The four sacred herbs, or the four medicines, are tobacco, cedar, sage, and sweetgrass. Tobacco is often used as an offering and for prayer, but sage can be used as well. If you want to use tobacco, you can buy some from any gas station. But if you buy cigarettes, take the tobacco out of its paper before using it for smudging, praying, or gifting.

“I felt a great relief,” Eshappi says of a time his brother died and he wrote a letter, burning it afterwards. “Because, I have a strong connection in our culture. I understand things, but I had to experience things on my own, and I had to listen. You know, sometimes you read a letter and you have to read between the lines to get the real message and I’ve always wondered why my grandmother said “Listen. You take a walk out in nature, you listen.” But I couldn’t get it. Until I listened with my heart and things came to me…as I was praying [for my daughter] a voice came to me and said “sing.” … I don’t need to know any songs to sing for the grandfathers, as long as I sing for them. So, you see, we need to listen to our spirit when it tells us to do something, or some call it a gut feeling. Listen to that… in our culture, things will come to us and it depends how connected we are to our spirit name and to the Creator. How we feel when we’re praying, we pray with our heart, we’re praying with all we have.”

Writing down thought and feelings has to be proven to be therapeutic, but there’s a very social aspect to funerals. Especially Indigenous funerals where the community gets together and has a feast. It’s something that just can’t be done right now, but we are lucky to live in a digital age where video calling is easy as long as you have a phone, tablet, or computer. And of course, there’s the phone call. A video or phone call won’t allow for hugging or just being near someone for support, but for now, it’s the next best thing.

“You can talk about your feelings, your good times that you had with your friend.

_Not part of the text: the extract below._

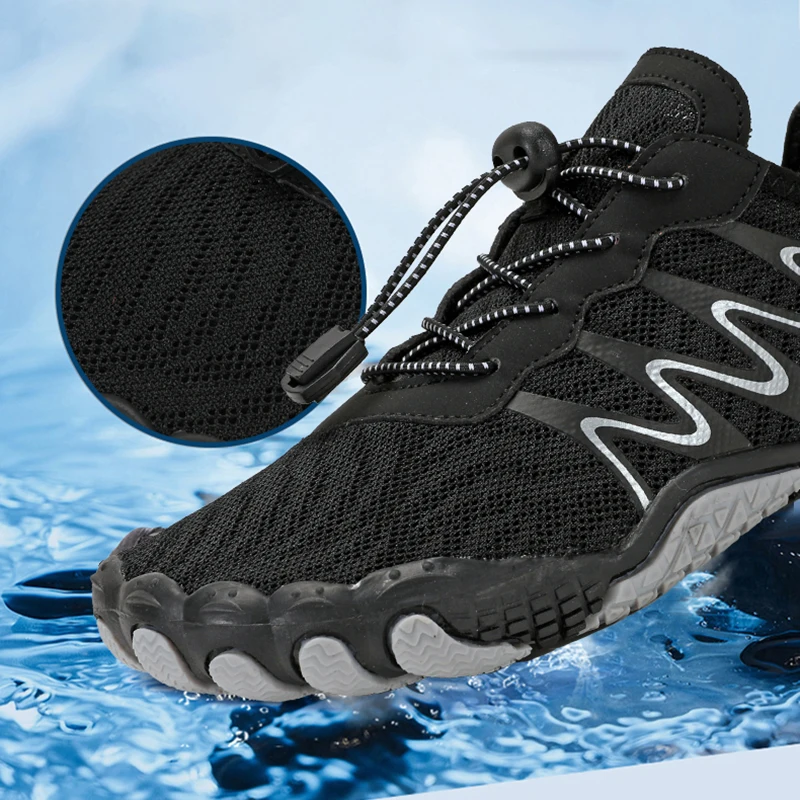 Водная обувь Мужская женская обувь для плавания Открытый пляж Босиком Быстросохнущий аквапарк Носки для бассейна Плавание Йога Серфинг Упражнение - 3
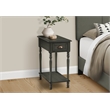 Accent Table - 2 Tier - Side Table - Narrow - Storage Drawer - Green Veneer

And share it,” Eshappie says on talking about a loved one who has passed. “You know, some people look at death as the end. It’s not like that. You see, when our loved ones go, the physical body goes back to dust… we leave this journey, then we go to the spirit world, we continue another journey with our loved ones that have passed on. So, down here we’re sad, we’re lonely. I should have done this; I shouldn’t have done that. Let those feelings go and be happy for him. Some cultures celebrate, they celebrate the passing of a loved one and that’s okay, I respect that… but some of us keep the pain and the hurt and when we do that, we keep the person back here from reaching the other side. After four days we need to let that go. Yes, we can talk about them and be happy, but if we keep crying and being sad and holding them back, he’s not going to the next world, the next spirit world. So, we need to remember that… to make it easier think of it like, she’s finished here. She’s finished what she had to do here, now she’s got to go on to the next world. Be with her family that has passed on and continue on the journey up there.”

Eshappie goes on to say how he tells his grandchildren that he’s just a phone call away and when he passes on he’ll just be a prayer away and that when a person passes they’re not gone forever, they’ve gone on to their next journey and can still be prayed to.

He says whether you speak a native language or not, their spirit will hear your prayers and to listen. And if you need a photograph or something physical to represent that person, then by all means use it. Talk to it and pray to your loved one’s spirit, because although you may not see it, if you listen you can hear them.